Il legislatore nazionale ha recentemente dato attuazione alla Direttiva con il d.lgs. 4.11.2021, n. 173, secondo il quale le nuove disposizioni si applicano altresì “nel caso in cui il professionista fornisce o si obbliga a fornire un contenuto digitale o un servizio digitale al consumatore e il consumatore fornisce o si obbliga a fornire dati personali al professionista”.

Altro aspetto di tutela del consumatore è delineato dai rimedi privatistici contro le pratiche commerciali scorrette previsti dalla Direttiva (UE) 2019/2161 (c.d. direttiva “omnibus”) approvata definitivamente dal Parlamento Europeo il 17 aprile 2019.

Tale direttiva è entrata in vigore il 7 gennaio 2020 e modifica una serie di normative europee in materia di protezione dei consumatori, quali la direttiva 93/13 CEE del Consiglio (clausole abusive) e le direttive 98/6 CE (indicazioni sui prezzi), 2005/29/CE (pratiche commerciali scorrette) e 2011/83/UE (diritti dei consumatori).

Questa Direttiva, oltre a contenere una specifica previsione che richiede agli Stati membri di assicurare ai consumatori lesi da pratiche commerciali scorrette (ad es. marketing aggressivo) particolari rimedi contrattuali, introduce maggiori obblighi di trasparenza per gli operatori online anche rispetto alle recensioni, alla fissazione personalizzata del prezzo ed alla classificazione dei prodotti.

Si segnala, ulteriormente, come sopra detto, che la Direttiva e-commerce 2000/31/CE (recepita in Italia con il d.lgs. n. 70/2003) sta per essere sostituita dal Regolamento Digital Services Act.

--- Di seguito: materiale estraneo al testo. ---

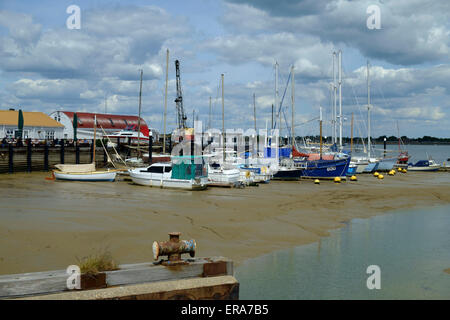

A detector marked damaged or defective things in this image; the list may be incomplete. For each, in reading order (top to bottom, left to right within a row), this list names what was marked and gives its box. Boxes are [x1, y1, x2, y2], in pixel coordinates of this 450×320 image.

rusty bollard [152, 232, 196, 264]
rusty metal pipe [153, 234, 195, 262]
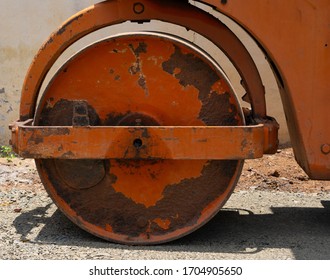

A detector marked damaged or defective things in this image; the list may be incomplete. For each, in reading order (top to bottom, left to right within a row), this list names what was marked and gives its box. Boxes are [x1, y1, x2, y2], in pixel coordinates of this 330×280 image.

rusty metal surface [27, 32, 245, 243]
rusty metal surface [10, 122, 266, 160]
rusty metal surface [199, 0, 330, 179]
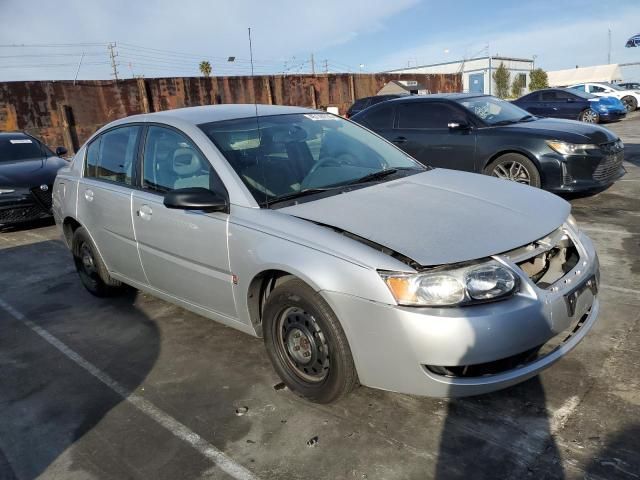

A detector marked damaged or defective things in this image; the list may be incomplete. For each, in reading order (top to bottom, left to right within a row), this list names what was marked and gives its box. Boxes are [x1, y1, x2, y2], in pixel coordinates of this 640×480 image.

Se la Direttiva e-commerce era stata la disciplina sulle esenzioni delle responsabilità delle big tech, il DSA sta per diventare invece la disciplina sulla responsabilità delle piattaforme digitali salvo alcune esenzioni.

In particolare, tra gli obiettivi del DSA vi è quello di contrastare la profilazione occulta e la non conoscibilità della logica degli algoritmi asserviti al marketing pubblicitario o alla disinformazione.

Viene introdotto ad esempio l’obbligo di trasparenza dell’algoritmo che guida le “raccomandazioni o consigli di ulteriori acquisti” sulla base di profilazione; si impone l’obbligo di offrire – in alternativa alla profilazione – l’accesso ai servizi della piattaforma mediante pagamento in denaro e in forma anonima anziché con dati personali oppure mediante la visione di pubblicità non targettizzata (come avviene per la pubblicità della tv analogica).

La natura trasversale di tutti i suddetti profili suggerisce la necessità di una complementarietà tra tutela del patrimonio di dati acquisiti dalle società, e tutela del consumatore (attraverso interventi antitrust, regolazione del mercato e protezione dei dati personali).